The important point is that these are not post‑hoc analytics. They are inline gates: the system either proves it made progress or it stops and recovers.
Takeaway If you’re trying to make browser agents reliable, the highest‑leverage move isn’t a bigger model. It’s constraining the state space and making success/failure explicit with per-step assertions.
Reliability in agents comes from verification (assertions on structured snapshots), not just scaling model size.
That's a prerequisite for Show HN.
I'm removing the Show HN prefix for now, until we get clarity. Then we can consider re-upping the post once we know exactly how to present it.
how is this different than building a scraper script that does it traditionally?
A traditional scraper/script hard-codes selectors and control flow up front.

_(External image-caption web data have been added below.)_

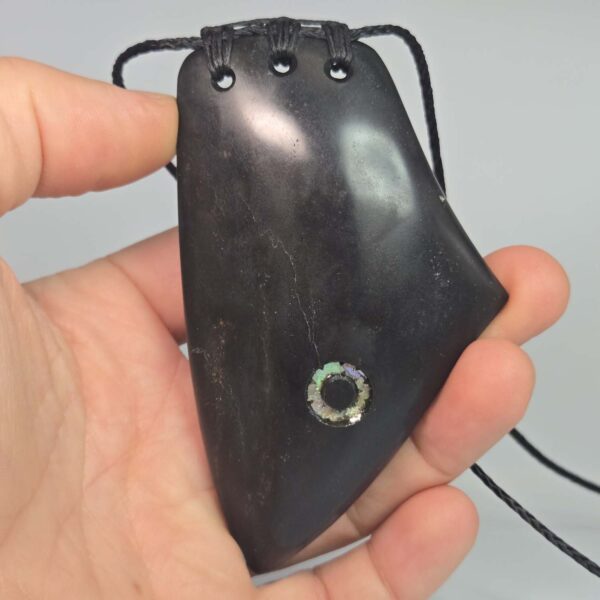 Cam126 Taonga, ōnewa, basalt mako (6) Cam126 Taonga, ōnewa, basalt mako (6)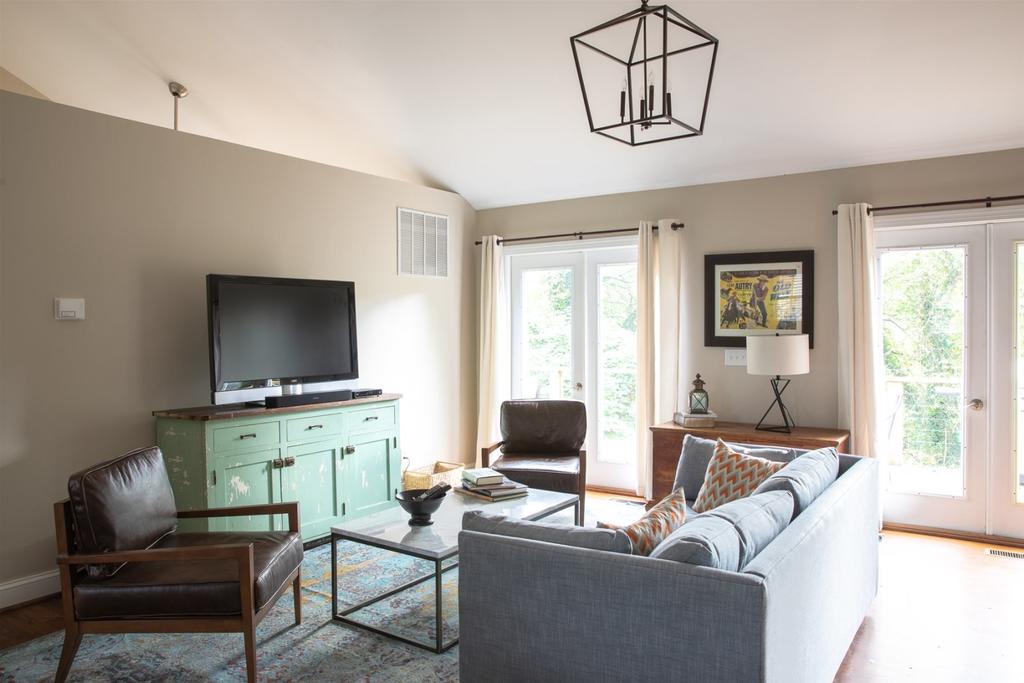 Downtown Charlottesville Carriage House - thumb 1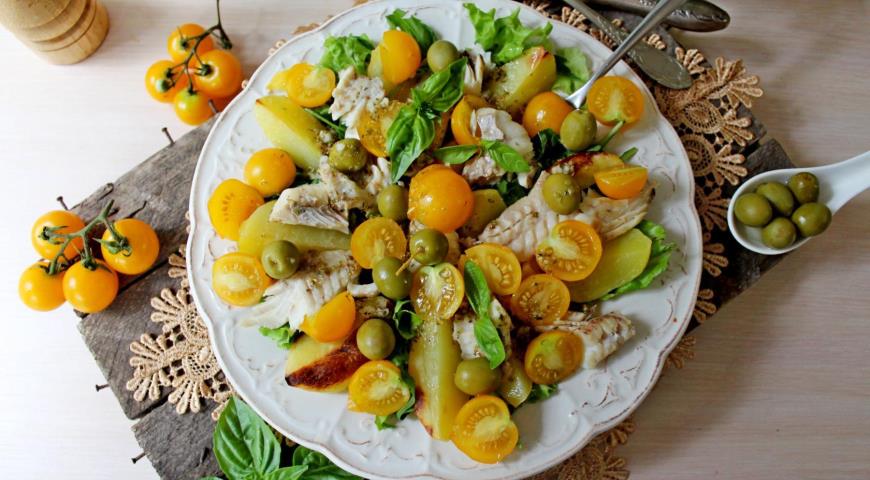 Warm salad with potatoes and fish
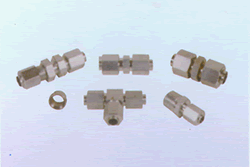 CZY4系列擴口(kou)式管接頭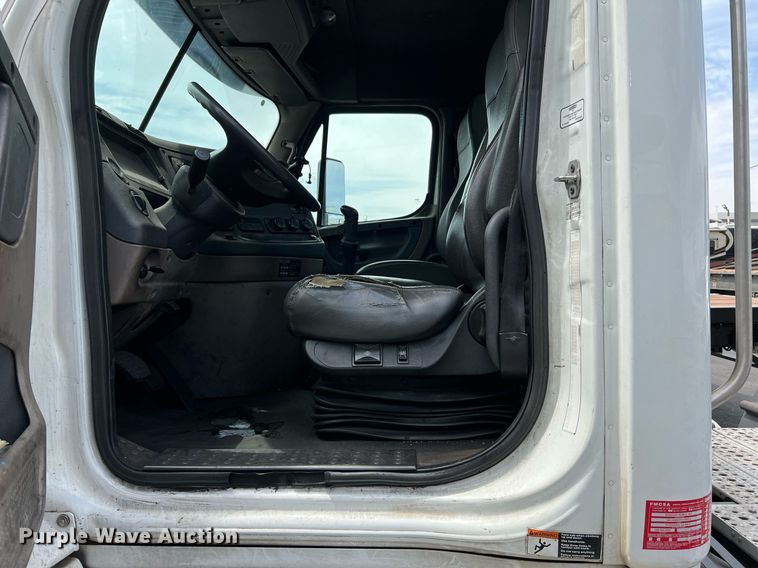 image for item MF9969 2012 Freightliner Cascadia 125  semi truck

When the layout changes, it usually breaks at an arbitrary line and you debug it manually.
In this setup, the agent chooses actions at *runtime* from a bounded action space, and the system uses the built-in predicates (e.g. url_changes, drawer_appeared, etc) to verify the outcomes. When it fails, it fails at a specific semantic assertion with artifacts, not a missing selector.
So it’s less “replace scripts” and more “apply test-style verification and recovery to AI-driven decisions instead of static code.”
> Show HN is for something you've made that other people can play with.
> Off topic: blog posts, sign-up pages, newsletters, lists, and other reading material. Those can't be tried out, so can't be Show HNs. Make a regular submission instead.
We used it because it’s a dynamic, hostile UI, but the design goal is a site-agnostic control plane. That’s why the runtime avoids selectors and screenshots and instead operates on pruned semantic snapshots + verification gates.
If the layout changes, the system doesn’t “half-work” — it fails deterministically with artifacts. That’s the behavior we’re optimizing for.